Believe me Faisal, loads of people even accompanied by the wonderful technologies still discredit science. Tried to explain to someone who sits most of the day in front of a computer that is integral for his job, plays games on consoles, uses a smart phone etc... why understanding Quantum mechanics was worthwhile i.e. look at all these things that you use and are integrated into your life that relied on QM to get going (admittedly for good and bad, but still...) and this process is ongoing and more things will be created from this amazing piece of theoretical and experimental work that says so much about our reality but his reaction was 'so what, they'd be invented anyway' 

I'd probably should have been more eloquent but then it was in a pub so probably wasn't the sharpest by that stage of the night.


----------



## Faisal Shamas (Apr 7, 2015)

Venusian Broon said:


> Believe me Faisal, loads of people even accompanied by the wonderful technologies still discredit science. Tried to explain to someone who sits most of the day in front of a computer that is integral for his job, plays games on consoles, uses a smart phone etc... why understanding Quantum mechanics was worthwhile i.e. look at all these things that you use and are integrated into your life that relied on QM to get going (admittedly for good and bad, but still...) and this process is ongoing and more things will be created from this amazing piece of theoretical and experimental work that says so much about our reality but his reaction was 'so what, they'd be invented anyway'
> 
> I'd probably should have been more eloquent but then it was in a pub so probably wasn't the sharpest by that stage of the night.

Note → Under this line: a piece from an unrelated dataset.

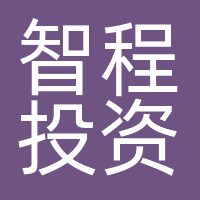 智程投资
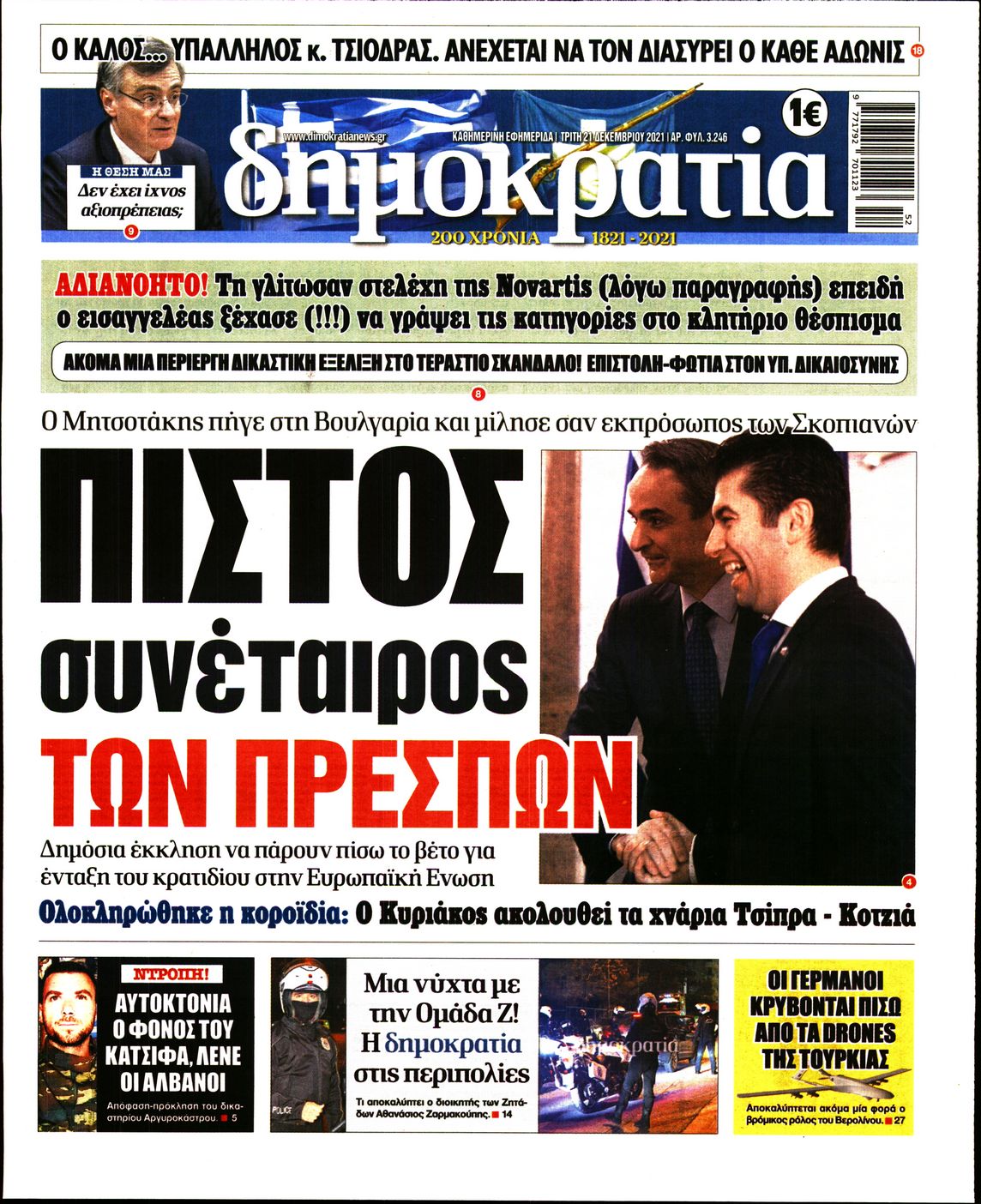 Εξώφυλο εφημερίδας ΔΗΜΟΚΡΑΤΙΑ 2021-12-21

And its not their minds really. I have found people capable of thought. It is just that they are lazy bums who just want pleasure from life and there is a trend towards this sheepishness. A big reason for my misanthropy and nihilism apart from my own failing.


----------



## BAYLOR (Apr 7, 2015)

Faisal Shamas said:


> And its not their minds really. I have found people capable of thought. It is just that they are lazy bums who just want pleasure from life and there is a trend towards this sheepishness. A big reason for my misanthropy and nihilism apart from my own failing.



In my case , Id like to find out the answers to life the universe and everything.  I just don't think science in of itself is enough to find out those things. Science is a wonderful and very useful tool  for finding  facts ,  mathematical formulas , various laws explaining  light, gravity , magnetism  and why some stars go nova and some don't ect and  why there is only one proper way to set up a lawn chair . But there is  more out then what we can calculate and see.


----------



## BAYLOR (Apr 8, 2015)

My Favorite Shakespeare Quote " There are more things in heaven Horatio then are dreamt of in your philosophy." Hardly scientific but this quote says a lot.


----------